Le général Griffith, traducteur de Sun Tzu en 1963

Le général Griffith, traducteur de Sun Tzu en 1963

N’en déplaise aux antiennes affirmant que, depuis sa traduction par le père Amiot en 1772 , Sun Tzu a été lu par les plus grands chefs militaires – à commencer par Napoléon – et qu’il a été enseigné dans les écoles militaires du monde entier, nous savons que la traduction de 1772 a, sitôt sortie, plongé dans un total oubli. En dépit de quelques soubresauts (la traduction britannique de Lionel Giles en 1910, la nouvelle version de Lucien Nachin opérée à partir de celle du père Amiot en 1948, …), le nom de Sun Tzu ne commença à être véritablement connu du grand public qu’à partir de 1963, date de  parution de la traduction anglaise de Samuel Griffith.
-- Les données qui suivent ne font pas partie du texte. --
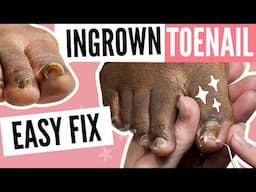 Step by Step Ingrown Toenail Pedicure Transformation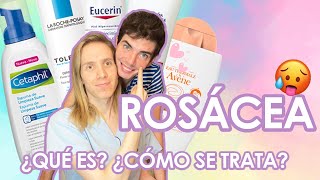 ¿Qué es la ROSACEA ¿Cómo se trata  Productos que recomiendo [upl. by Arola]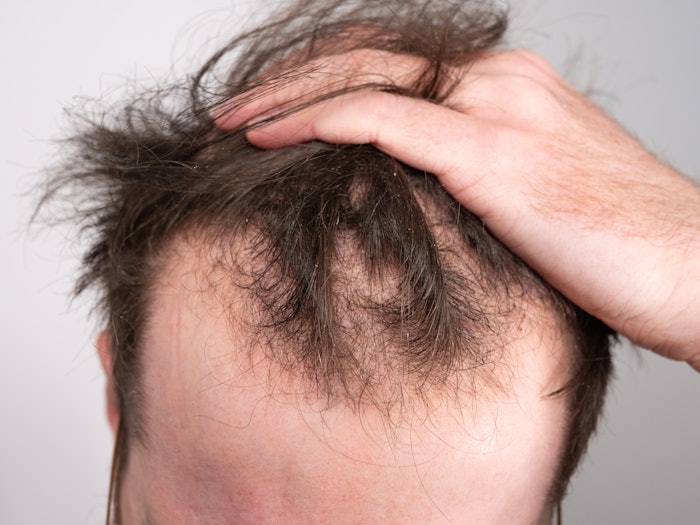 Man Hand In Hair Thinning On Top Alopecia Adobe Stock 473136928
Samuel Blair Griffith II est né le 31 mai 1906 dans la ville de Lewiston (Pennsylvanie). Diplômé de l’U.S. Naval Academy en 1929, il en sort sous-lieutenant dans le corps des Marines et part en 1931 servir au Nicaragua dans le cadre des Banana Wars[1]. Suite au désengagement américain en 1933, Griffith est affecté en Chine, où des unités de Marines étaient postées pour assurer la protection des concessions internationales. De façon curieuse, il semble avoir été nommé traducteur-interprète à l’ambassade américaine de Nankin, alors qu’il ne connaissait pas encore la langue chinoise. Qu’à cela ne tienne : il se consacre aussitôt à son étude. Cette première affectation en Chine prend cependant fin en 1938.

Il sert ensuite à Cuba, en Angleterre et au Guadalcanal. Il est à cette occasion récompensé en 1942 de la Navy Cross et du Purple Heart pour son « héroïsme extrême et son courageux sens du devoir » lors d’un combat sur la rivière Matanikau au cours duquel il est blessé. Il sert ensuite en Nouvelle-Géorgie (la plus grande des îles Salomon, dans le Pacifique), où il est décoré de la Distinguished Service Cross.

A la fin de la guerre en 1945, il retourne en Chine commander le 3e régiment de Marine, puis toutes les unités de Marines de Qingdao (dans la province de Shandong, là où naquit Sun Tzu !). Regagnant les Etats-Unis en 1947, il y poursuit sa carrière dans les états-majors. Après avoir été chef d’Etat-major de la Fleet Marine Force de l’Atlantique, il prend sa retraite de général de brigade en 1956 à l’issue de 25 années de service.